BEGIN

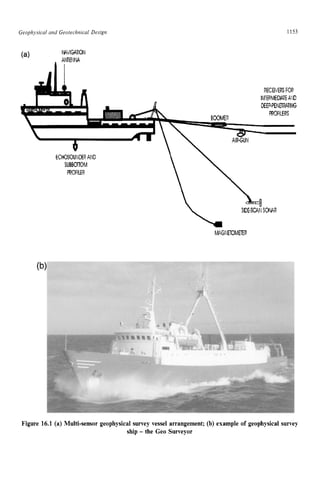 HANDBOOK_OF_OFFSHORE_ENGINEERING_Volume.pdf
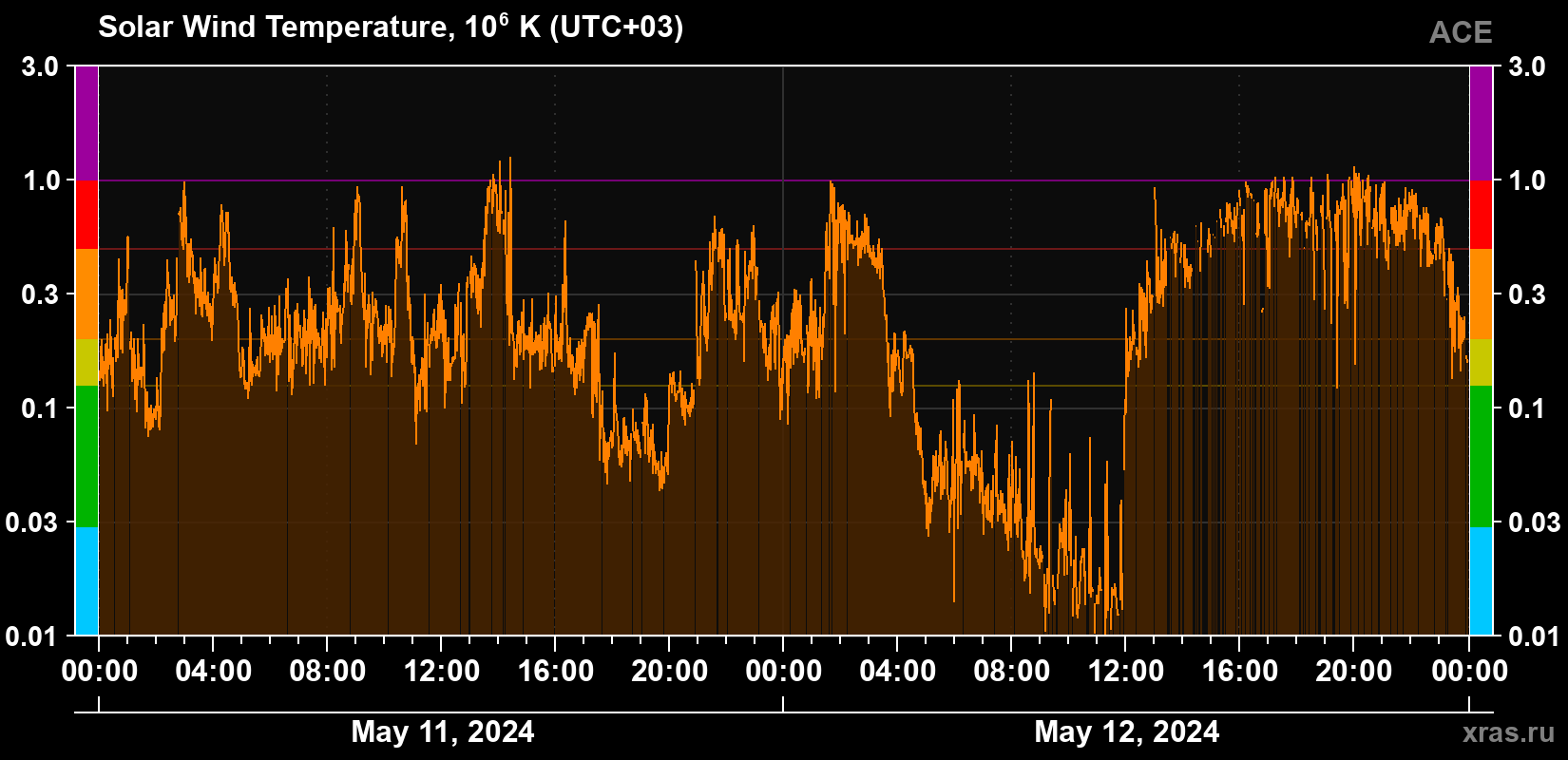 Solar wind temperature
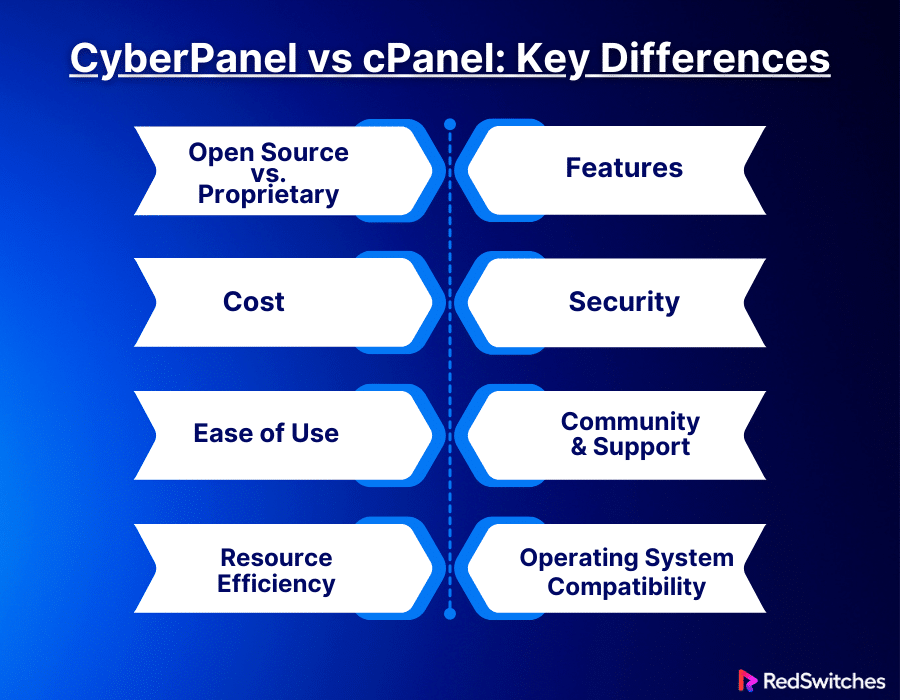 CyberPanel vs cPanel Key Differences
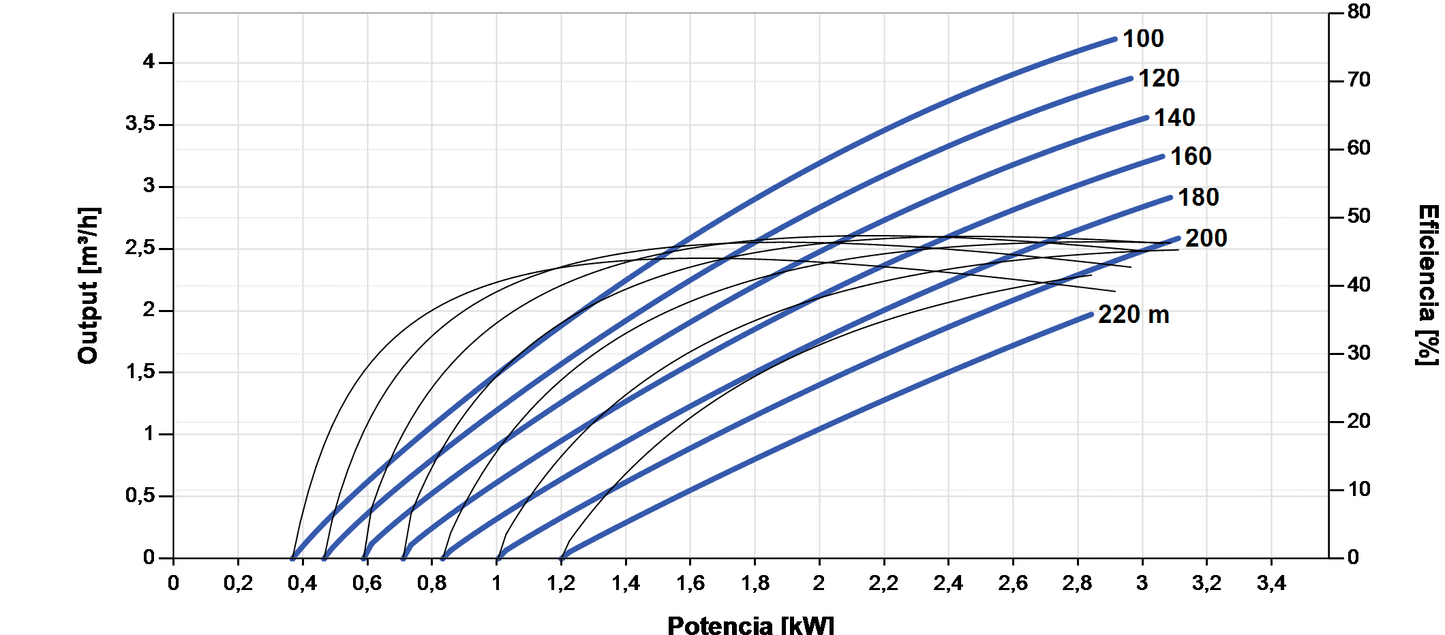 Bomba Solar Sumergible Lorentz PS2-4000 C-SJ3-32 4,2m³/h 220m Centrífuga con Controlador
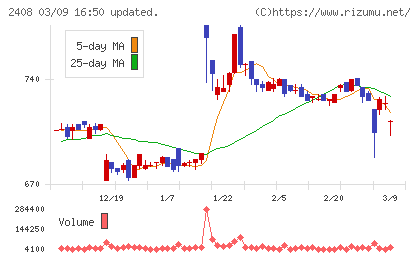 ＫＧ情報チャート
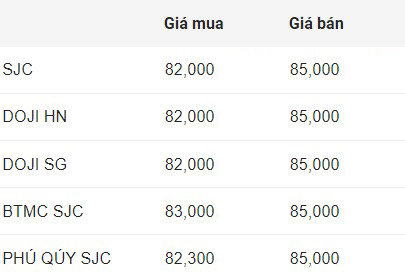 Gia vang mieng SJC dau gio sang 19.11. Don vi: Trieu dong/luong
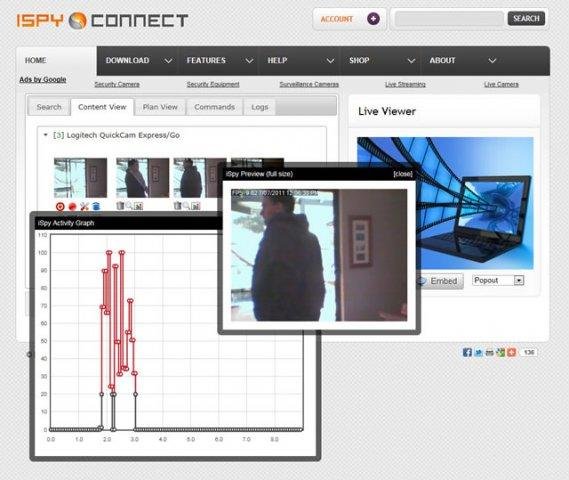 Ispy surveillance software 2025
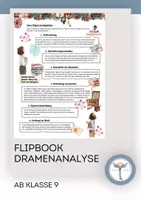 Vorschau - Merkblätter - Flipbook - Merkwissen Dramenanalyse - Deckblatt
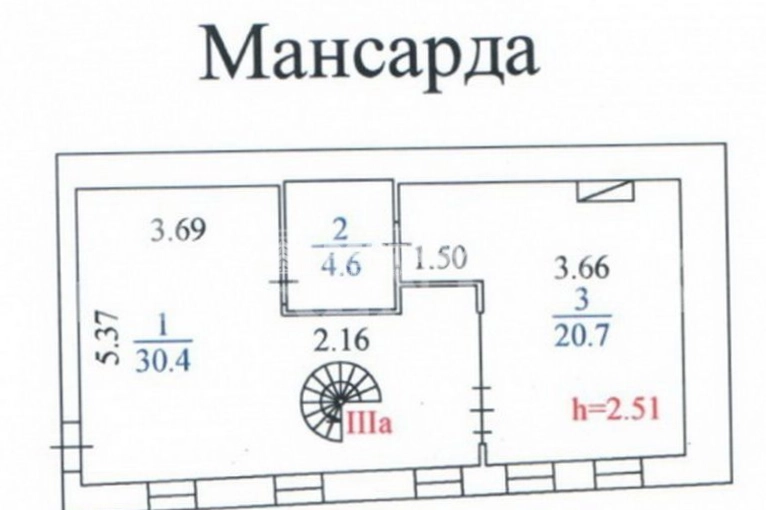 Здание целиком Верхняя Радищевская, 9с4 площадью 193 квадратных метров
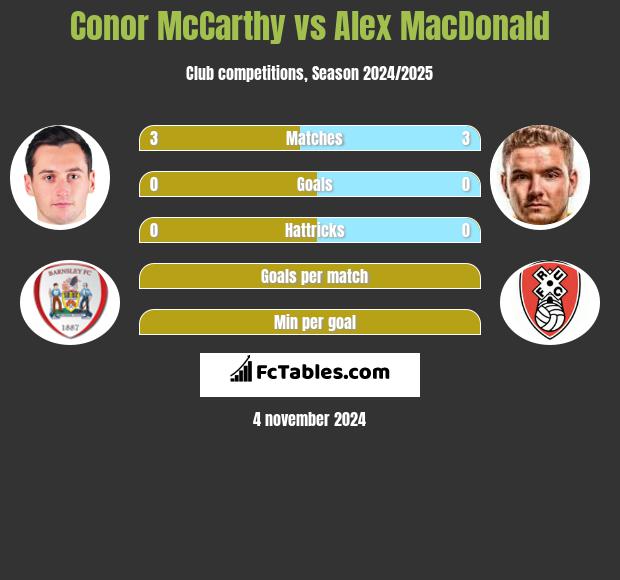 Conor McCarthy vs Alex MacDonald h2h player stats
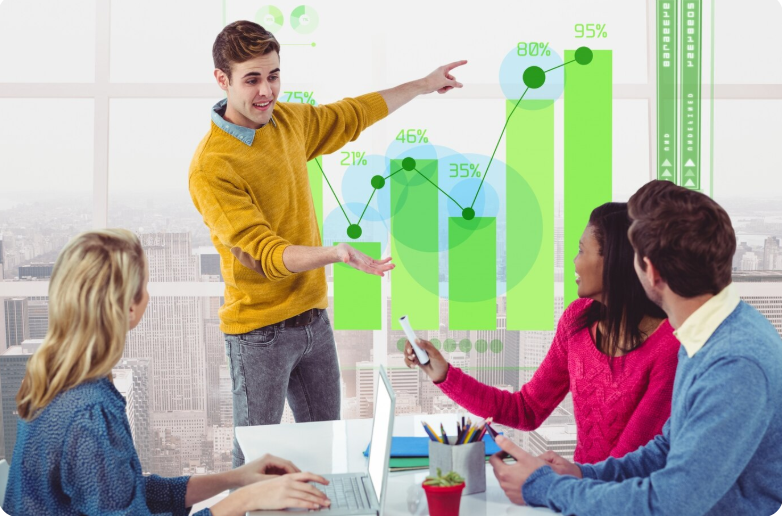 Measuring Success and ROI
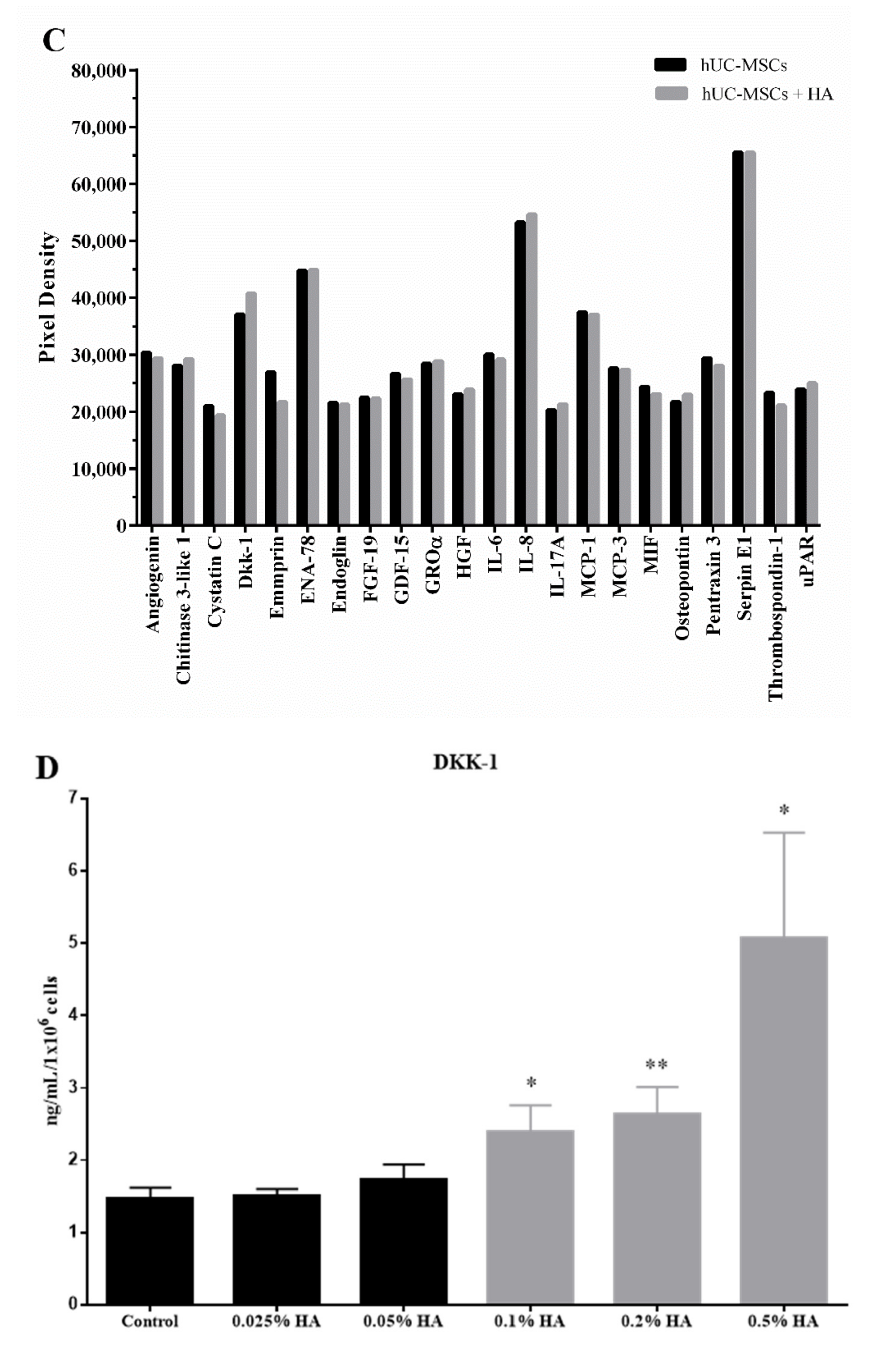 Applsci 11 06650 g002b Applsci 11 06650 g002b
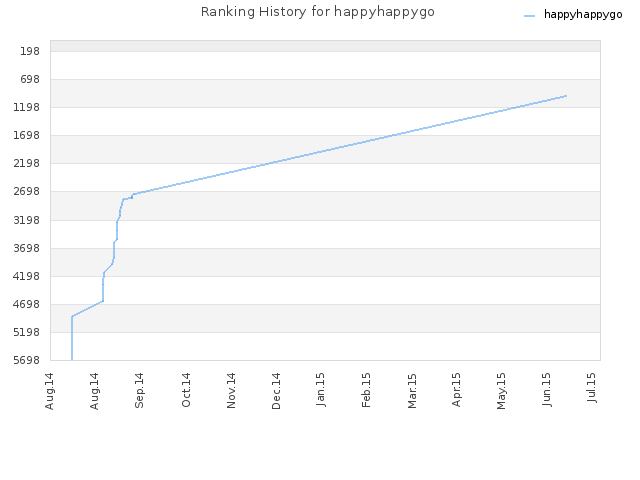 Ranking History for happyhappygo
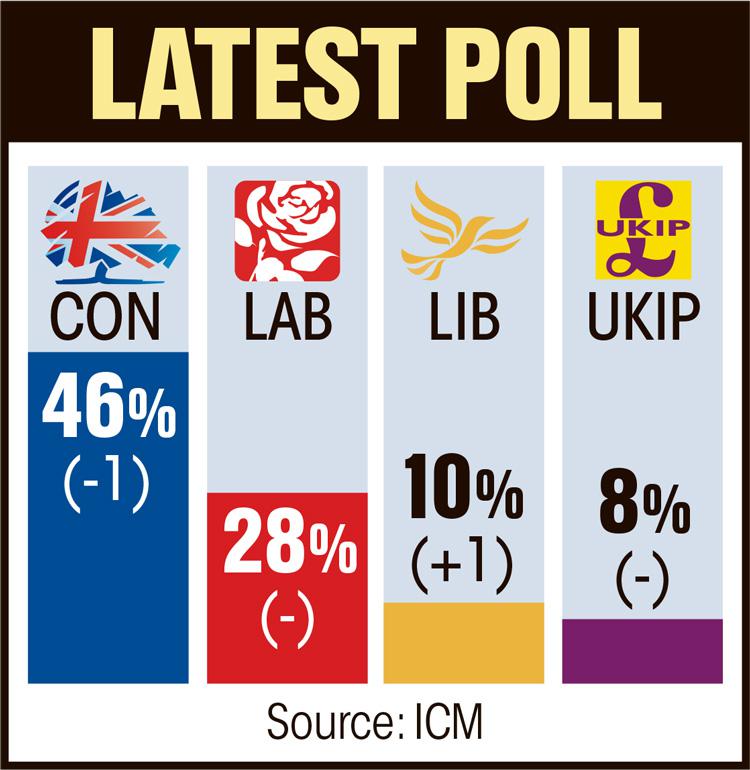  The Tories are maintaining their massive lead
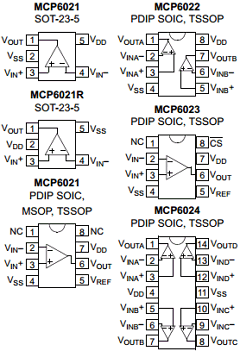 MCP6021R Datasheet PDF Microchip Technology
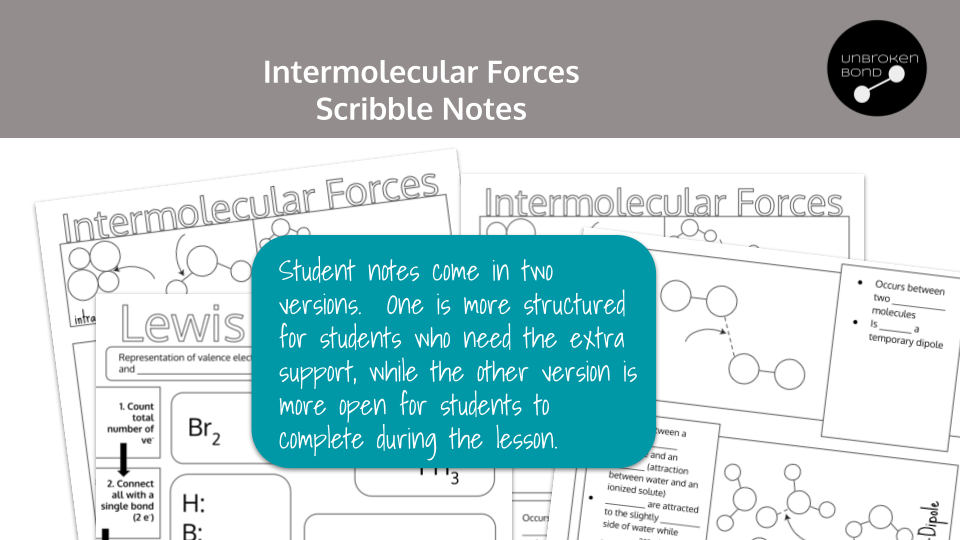 AP Chemistry Intermolecular Forces IMF Scribble Notes Preview 1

END

> [Your task]:
Where the line containing "The Tories are" appears, begin writing out the lines word for word, and continue through the last line of the data, leaving out pictures.

> [Task result]:
  The Tories are maintaining their massive lead
 MCP6021R Datasheet PDF Microchip Technology
 AP Chemistry Intermolecular Forces IMF Scribble Notes Preview 1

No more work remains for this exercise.